§ What is required: Go through the listing below and repeat it exactly, dropping the pictures.

§ Material provided:
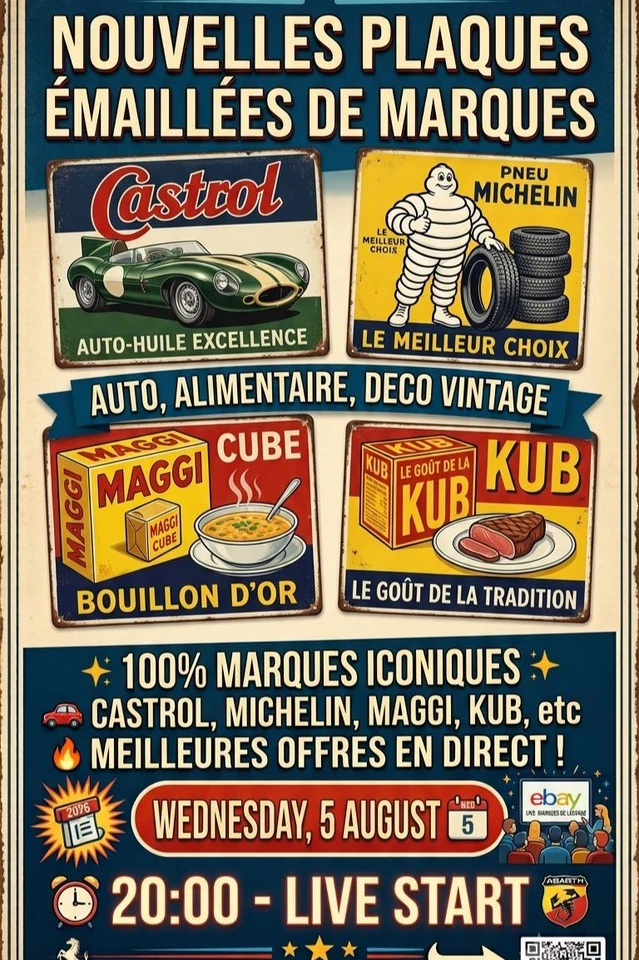Plaques émaillées à prix imbattables -- 100 % marques iconiques --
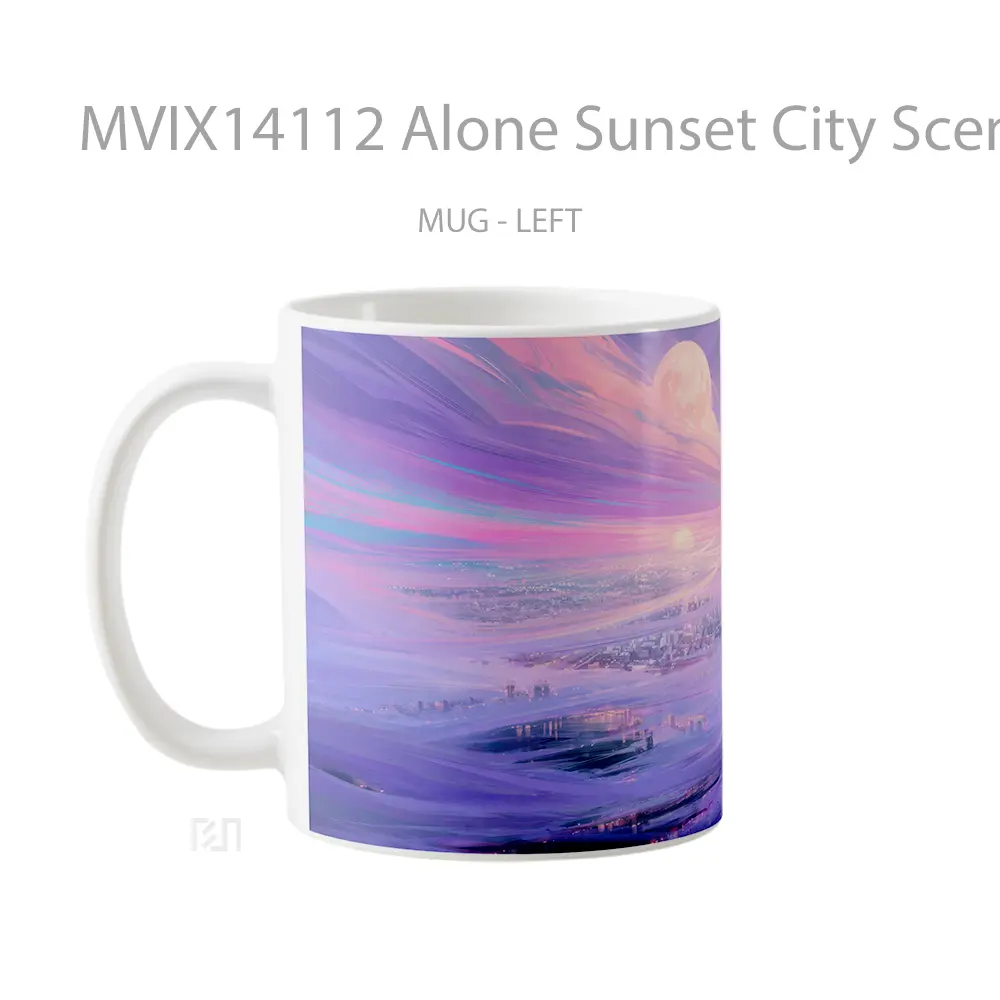 Mug Alone Sunset City Scenery Digital Art Gelas Pemandangan Alam - All-side / Desain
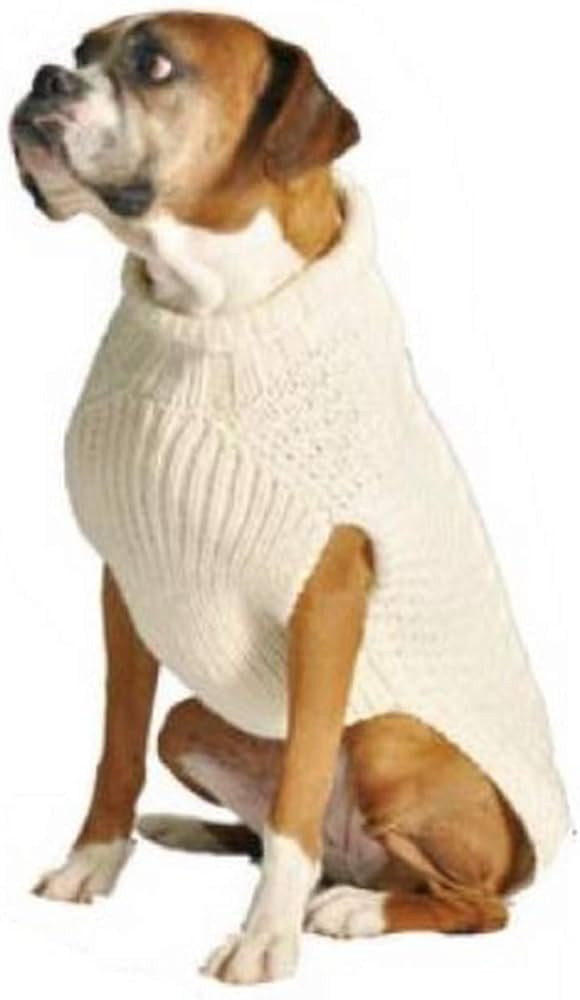 Chilly Dog Natural Cable Knit Dog Sweater (X-Large), beige | Amazon (US)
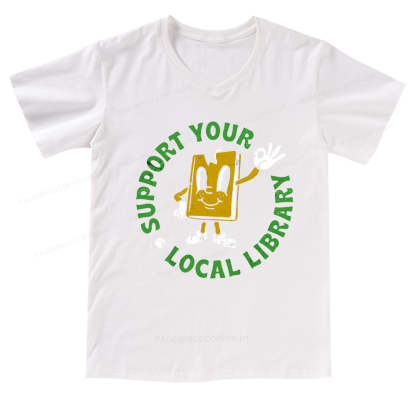 Pagewings Support Your Local Library Adult V-neck T-shirt 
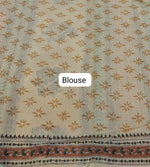 A light yellow soft cotton saree Blouse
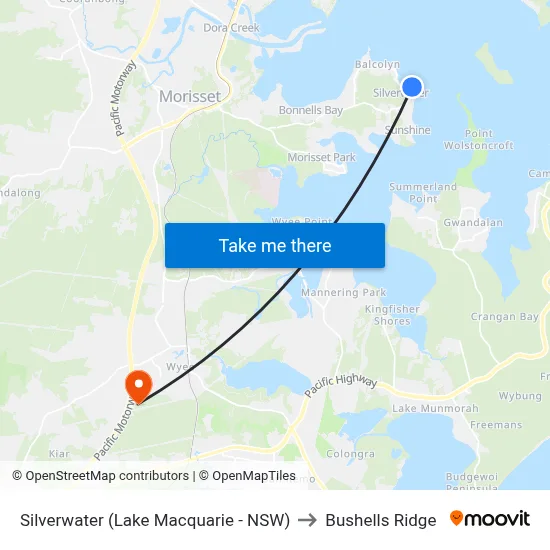Silverwater (Lake Macquarie - NSW) to Bushells Ridge map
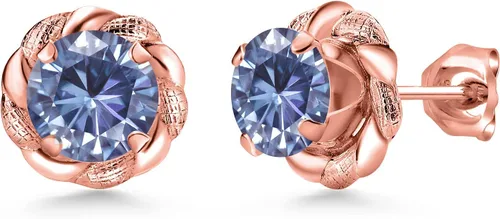 Vista 450 de Gem Stone King Aretes de plata de ley 925 de 0.236 in con piedra natal redonda para mujer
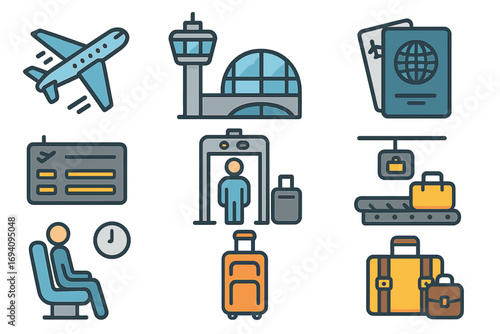 Travel icons set with airplane, airport control tower, boarding pass, passport, luggage scanner, suitcase, waiting passenger, baggage claim conveyor, modern flat vector illustration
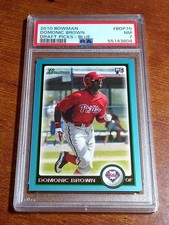 2010 Bowman DOMONIC BROWN Draft Picks BLUE Rookie 79/399 Phillies Pop 1 PSA 7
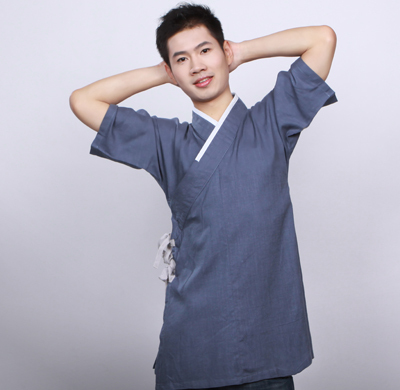 栖凤阁汉服短打家居服汉元素,改良汉服禅服短褐(牛仔蓝/5色)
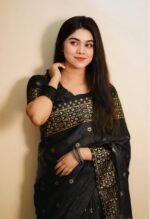 Rich Benaroshi Texture Japani Silk Saree with Blouse Piece Attire | অভিজাত বেনারসী টেক্সচার সুন্দর সিল্ক কালেকশন পোশাক । MNK SHOP - Image 3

§ Problem solution:
Plaques émaillées à prix imbattables -- 100 % marques iconiques --
 Mug Alone Sunset City Scenery Digital Art Gelas Pemandangan Alam - All-side / Desain
 Chilly Dog Natural Cable Knit Dog Sweater (X-Large), beige | Amazon (US)
 Pagewings Support Your Local Library Adult V-neck T-shirt 
 A light yellow soft cotton saree Blouse
Silverwater (Lake Macquarie - NSW) to Bushells Ridge map
 Vista 450 de Gem Stone King Aretes de plata de ley 925 de 0.236 in con piedra natal redonda para mujer
 Travel icons set with airplane, airport control tower, boarding pass, passport, luggage scanner, suitcase, waiting passenger, baggage claim conveyor, modern flat vector illustration
 2010 Bowman DOMONIC BROWN Draft Picks BLUE Rookie 79/399 Phillies Pop 1 PSA 7
 栖凤阁汉服短打家居服汉元素,改良汉服禅服短褐(牛仔蓝/5色)
 Rich Benaroshi Texture Japani Silk Saree with Blouse Piece Attire | অভিজাত বেনারসী টেক্সচার সুন্দর সিল্ক কালেকশন পোশাক । MNK SHOP - Image 3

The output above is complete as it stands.